*Work to complete*.
Each record below should be returned word for word, with no pictures included.

*Supplied data*.
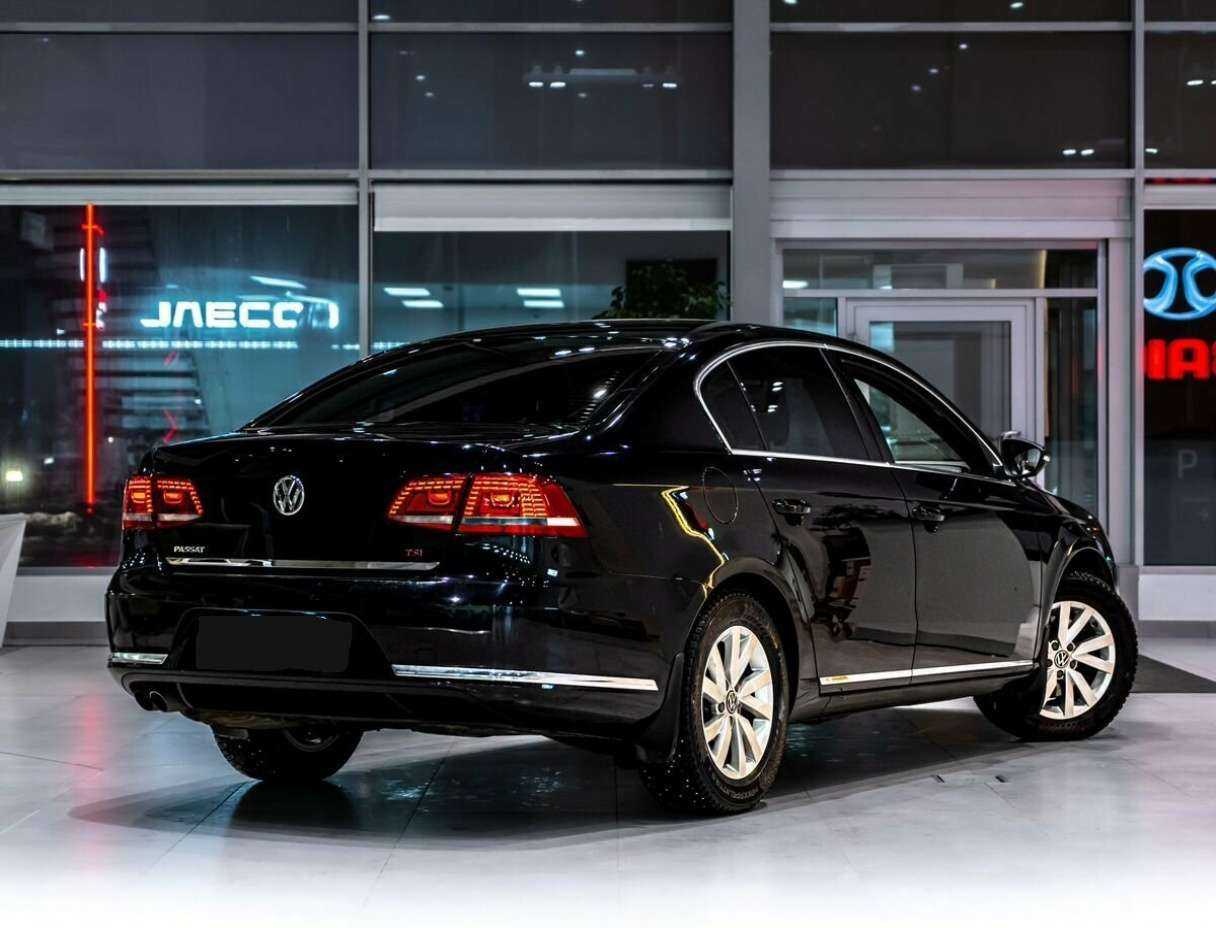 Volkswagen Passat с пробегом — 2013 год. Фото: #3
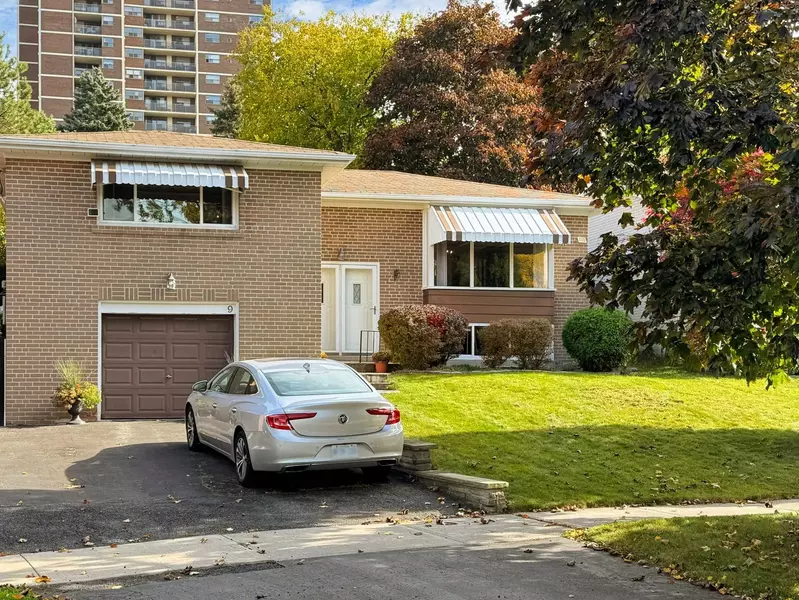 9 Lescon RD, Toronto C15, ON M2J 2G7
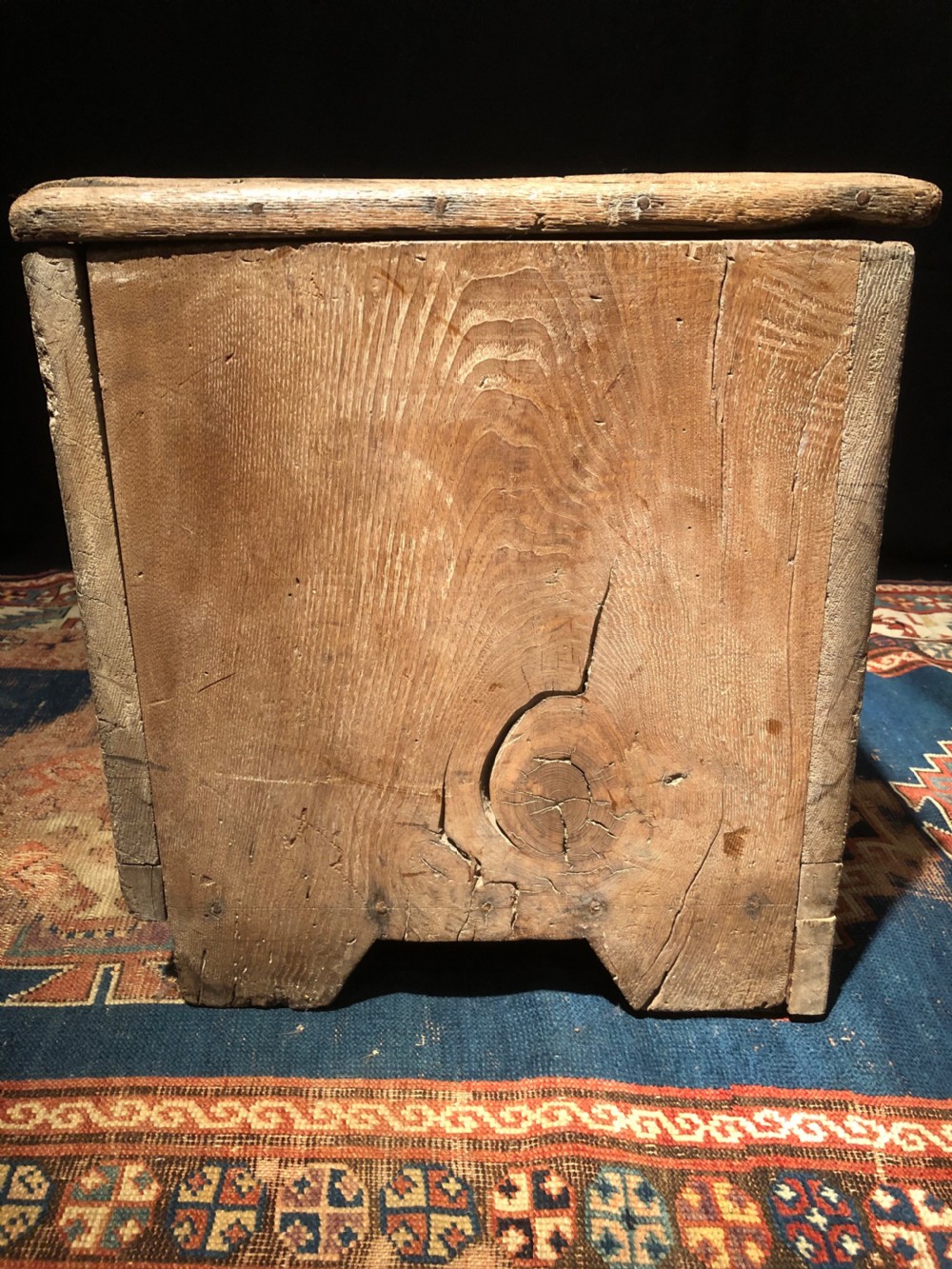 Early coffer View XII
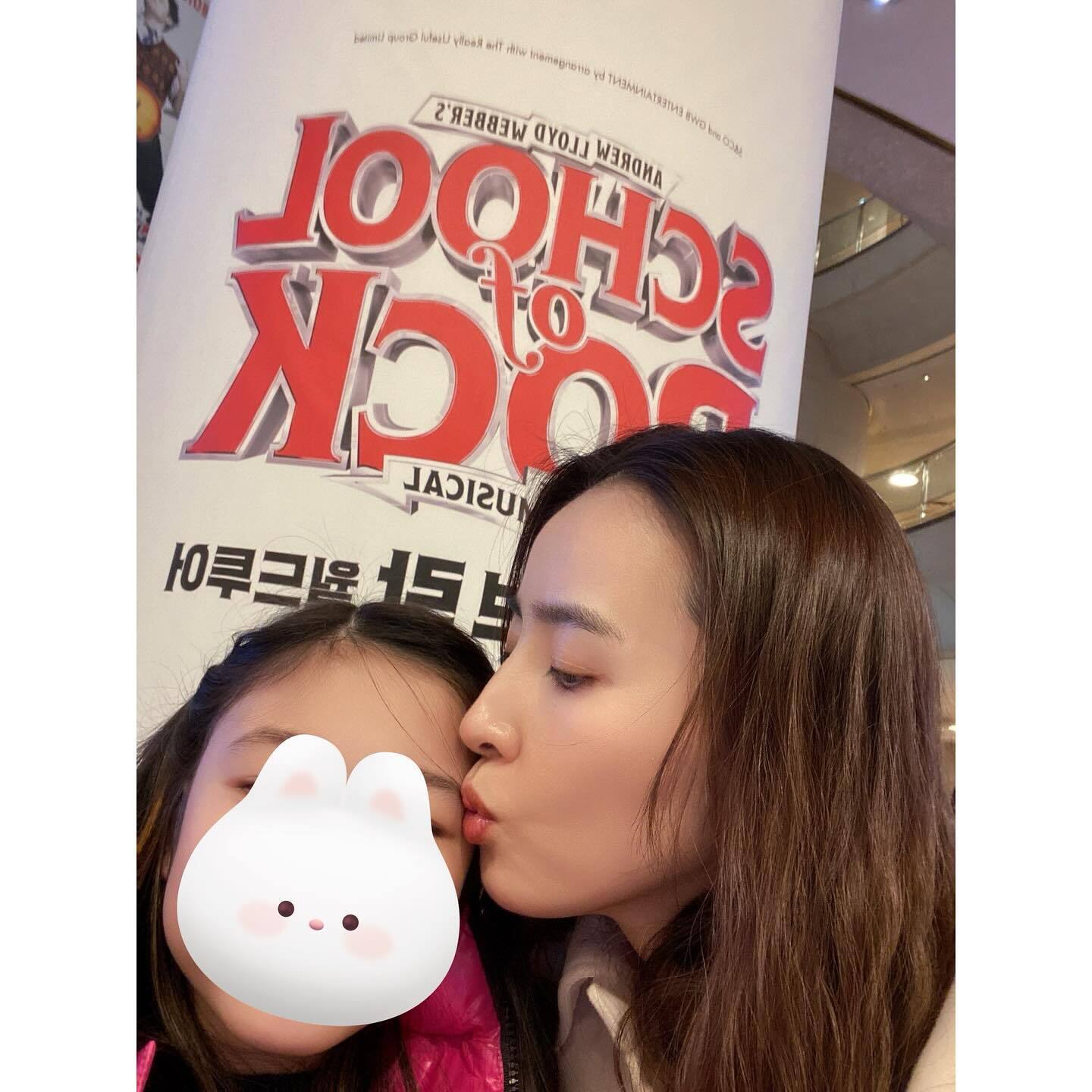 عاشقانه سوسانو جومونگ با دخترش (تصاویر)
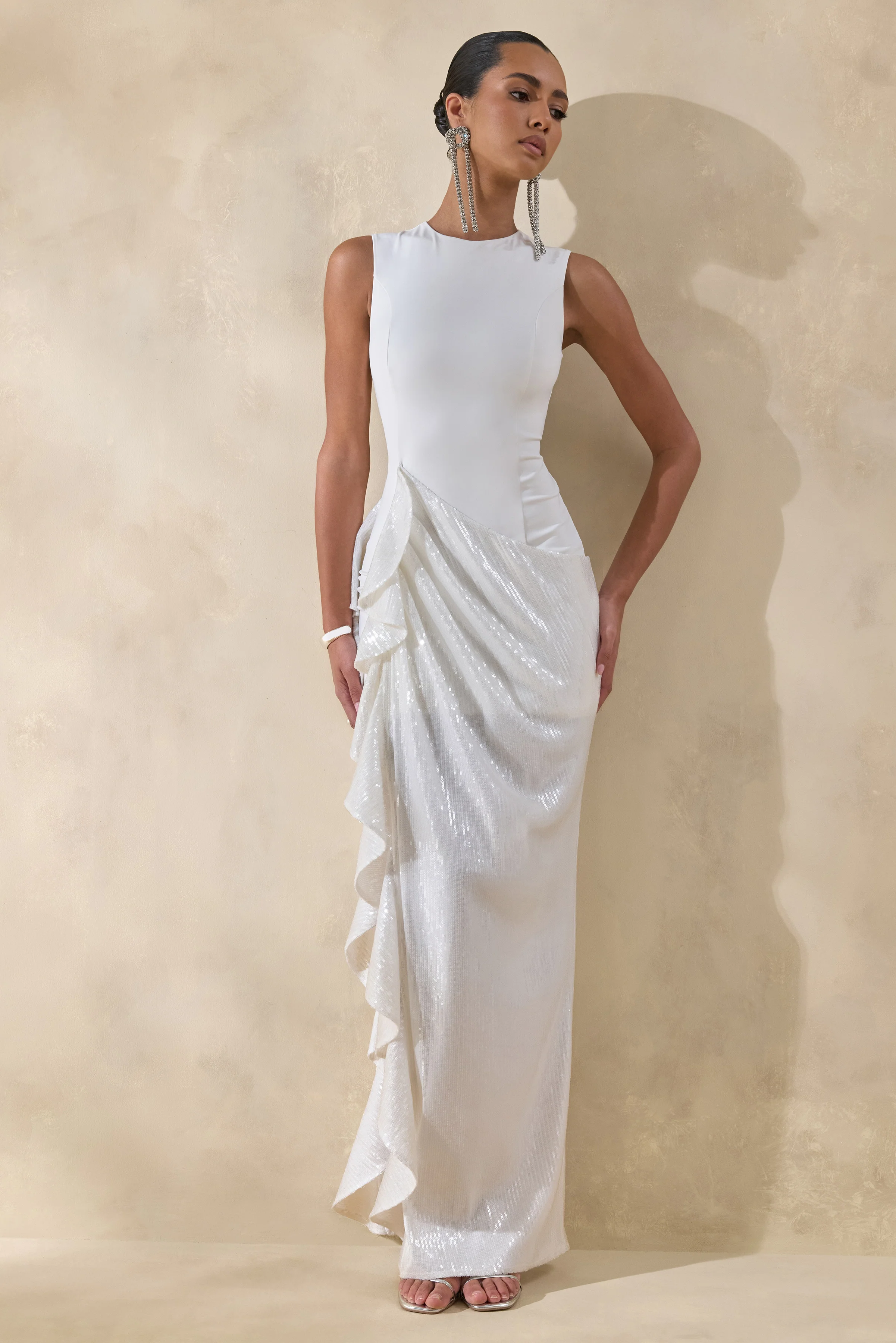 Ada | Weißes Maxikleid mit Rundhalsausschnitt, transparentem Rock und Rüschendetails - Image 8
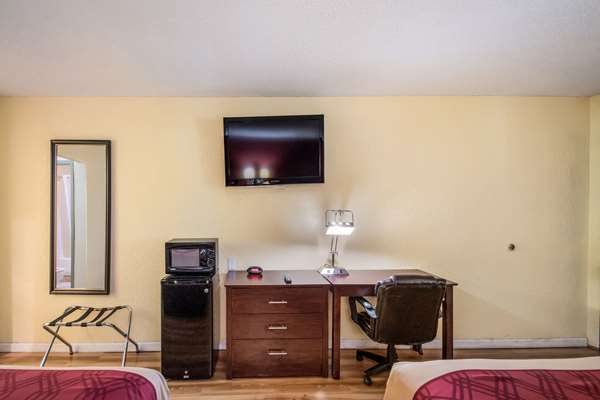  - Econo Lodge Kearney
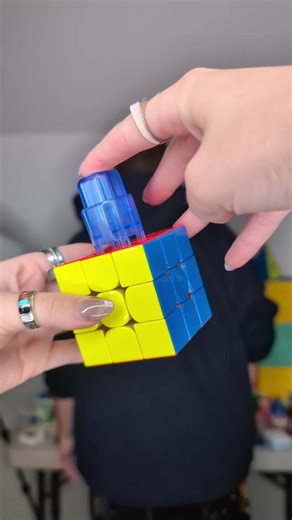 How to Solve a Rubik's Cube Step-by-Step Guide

*Response box*.
 Volkswagen Passat с пробегом — 2013 год. Фото: #3
 9 Lescon RD, Toronto C15, ON M2J 2G7
 Early coffer View XII
 عاشقانه سوسانو جومونگ با دخترش (تصاویر)
 Ada | Weißes Maxikleid mit Rundhalsausschnitt, transparentem Rock und Rüschendetails - Image 8
  - Econo Lodge Kearney
 How to Solve a Rubik's Cube Step-by-Step Guide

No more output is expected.